Tuesday, December 29, 2009

Bye Bye 2009, new URL

Good-bye 2009. With you I will close the doors on this blog. At least at its current URL.

After preciously few posts in the past months, in part due to parenthood, in part due to facing new new challenges in academia (both are challenging in their own ways, of course), I have decided to put everything in a new location. I will continue to talk about "news" in speech and language tech, however since these are hard to come by (at least the really good stuff) I want to add a bit of a personal note. More howtos, gotchas, what's-Okko-up-to. Less, whooo-look-who-is-talking-about-speech. I'm sure you know what I mean.

With that, have a happy start to 2010 and please continue to follow at www.okkoblog.com.


Saturday, July 11, 2009

Speech and Dialog Conferences / Speech for iPhone and Android

Conference time: I will be spending a couple of days in London and Brighton from September 5th attending Interspeech, SIGDIAL as well as a researcher round-table. Anyone interested in meeting up, feel free to get in touch.

Also, here are some more or less recent, interesting news for Android (at about 6:20, thanks Schamai) and iPhone speech developers.

Thursday, June 18, 2009

Incrementality in Verbal Interaction

Since I've joined a research program at Potsdam University end of last year (as a researcher and PhD student), I've decided to use this blog for some additional, more personal updates. This is the first :-).

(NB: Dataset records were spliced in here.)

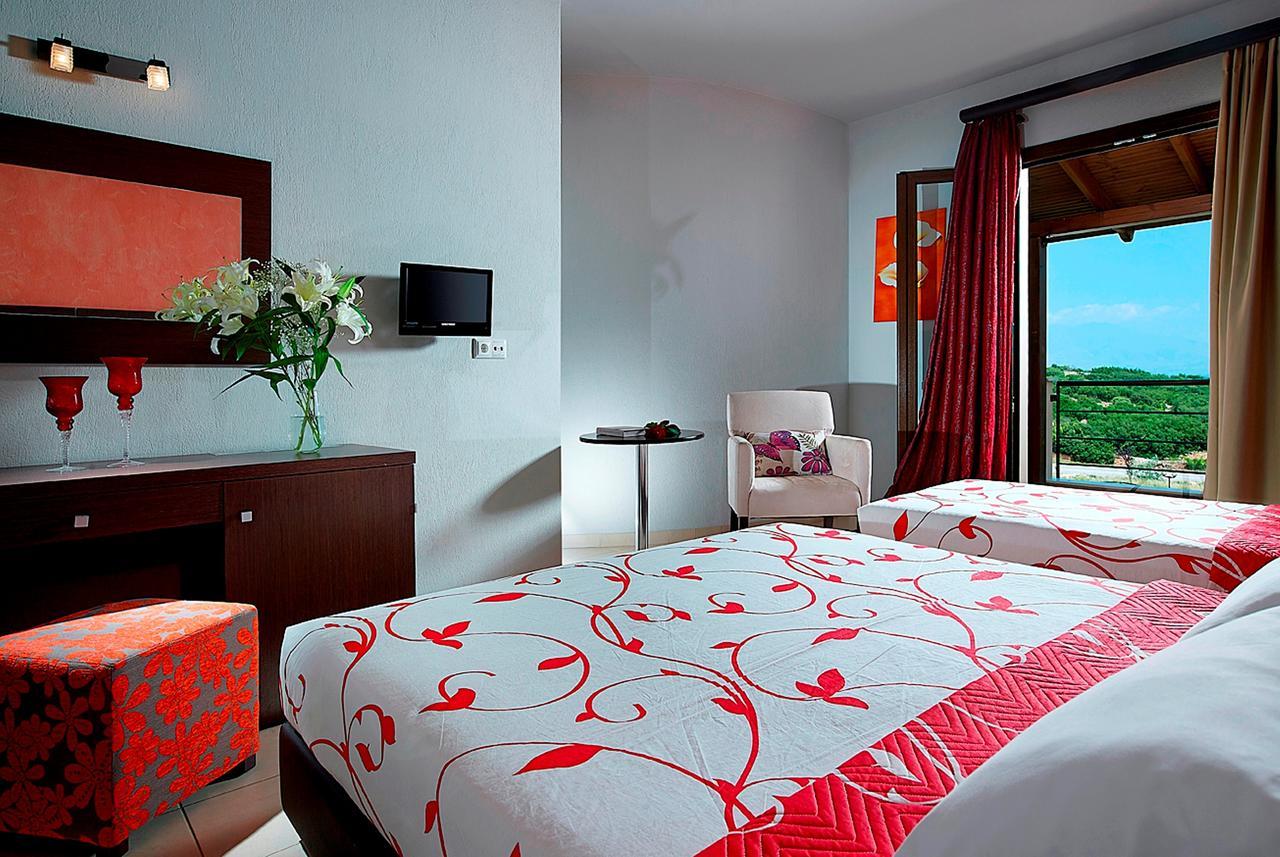 Orfeas Land Hotel Kormista ห้อง รูปภาพ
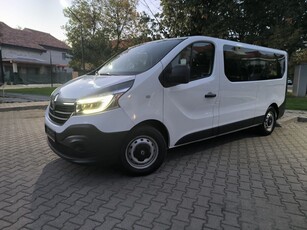 Renault Trafic 2.0 Blue dCi 120 Combi L2H1 8+1 locuri Authentique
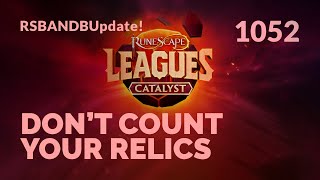 Don't Count Your Relics: First Leagues: Catalyst Info Revealed & MTX Experiment 2 (DXP)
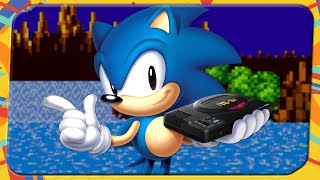 Sonic 1 as Sonic | Full Game 100% | Sonic Origins Ultrafix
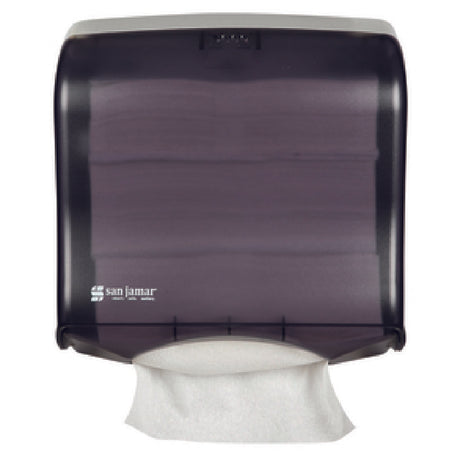 Carlisle T1755TBK San Jamar Ultrafold™ Fusion­™ Classic Towel Dispenser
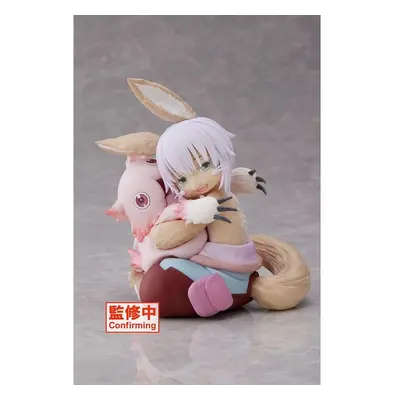 Soška Made in Abyss: The Golden City of the Scorching - Sun Nanachi & Mitty 12 cm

Our research is concerned with human-machine spoken dialog systems from an incremental, i.e. real-time processing, perspective. As such, members of our team, including me, were recently invited to a workshop on "Incrementality in Verbal Interaction." The workshop brought together an interesting mix of perspectives on incrementality from Psycholinguistics as well as Theoretical and Computational Linguistics. Slides from our project presentation are available here.

Thursday, April 2, 2009

Tim O'Reilly: Google Voice Search Key Technology

ReadWriteWeb reports Tim O'Reilly addressed attendees at the San Francisco Web 2.0 Expo this week, talking about key technologies for the Web >2.0. Voice search (Google iPhone App), he claimed was a tipping point in terms "sensor based interfaces".

While not the only vendor to provide voice search (i.e. Yahoo oneSearch powered by Vlingo) Google certainly seems ahead in the game in what appears to be a gradual unfolding of a broad voice strategy, such as Voice Search and recently rebranding a feature-enhanced GrandCentral as Google Voice. Future work on the voice front we can expect includes promotion of its own speech recognition capacities through Android, Google Gears bringing speech capacities to all browers, tighter integration of Gaudi (audio indexing) with other services and perhaps one day opening up voice services over APIs.

As I've previously pointed out, to Google voice is just another form of data, but what's slowly beginning to emerge is a central role for speech and voice technologies to play in coming developments for the web and how we search and interface with it.

Wednesday, April 1, 2009

Language Technology April Fools

Just posting some gems from today concerning speech and language technology, such as natural language generation, speech recognition and natural language processing.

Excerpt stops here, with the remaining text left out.